Denying Evidence, Denying Opportunity
Fewer than three out of ten students who enter Saint Louis' Sumner High School in ninth grade will graduate from the school within four years. In all, there are six high schools in Missouri where fewer than 60 percent of students graduate on time. Fortunately, students in the Kansas City and Saint Louis School Districts have magnet schools and charter schools as an option. In Normandy, students have no such options. They are stuck. Keep this in mind as you read this post.
Recently, the Center for Public Education, an arm of the National School Boards Association, released a report on the merits of school choice. The paper claims to summarize “what the research says.” Interestingly, the report fails to include almost every analysis that has found benefits to private school choice programs.
When Anna Egalite, an assistant professor of educational leadership, policy, and human development at North Carolina State University, conducted a systematic review of the competitive effects of private school choice programs, she found 21 studies.

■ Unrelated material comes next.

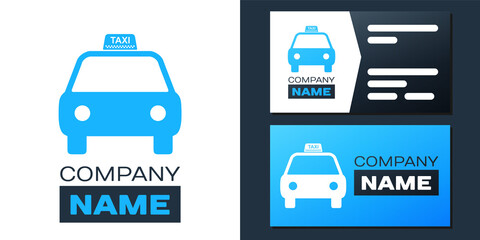 Poster - Logotype Taxi car icon isolated on white background. Logo design template element. Vector.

She concluded that the results “unanimously find positive impacts on student achievement. Such overwhelming evidence supports the development of market-based schooling policies as a means to increase student achievement in traditional public schools.” Interestingly, the Center for Public Education did not cite any of these studies.

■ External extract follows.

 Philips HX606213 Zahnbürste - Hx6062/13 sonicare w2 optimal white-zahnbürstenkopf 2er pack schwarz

Similarly, there have been 12 random-assignment studies of voucher programs. These are considered the “gold-standard” in social science research because they are the best at determining causality. Eleven of the 12 studies have found positive effects from voucher programs. The Center for Public Education review only cites one of these studies.
The report cites plenty of useful statistics from the National Center for Education Statistics and other sources, but does not even attempt to cite the plethora of useful research on school choice programs.
Nevertheless, the report does get at least one thing right—private school choice tends to boost graduation rates. This was highlighted in the evaluation of the Washington D.C. Opportunity Scholarship program, which showed a 21 percentage point increase in the graduation rate for voucher users.
Not surprisingly, given that they neglect to cite any of the ample evidence showing that school choice succeeds, the Center's conclusion is that “In general, we find that school choices work for some students sometimes, are worse for some students sometimes, and are usually no better or worse than traditional public schools.”
In addition to simply being inaccurate, this conclusion does a great disservice to the students most in need of another educational option; particularly the students in the six Missouri school districts with the worst graduation rates (see above).
School choice may not be a cure-all, but the evidence is quite clear: students benefit from school choice. Indeed, students at Sumner and the other schools listed above may benefit the most.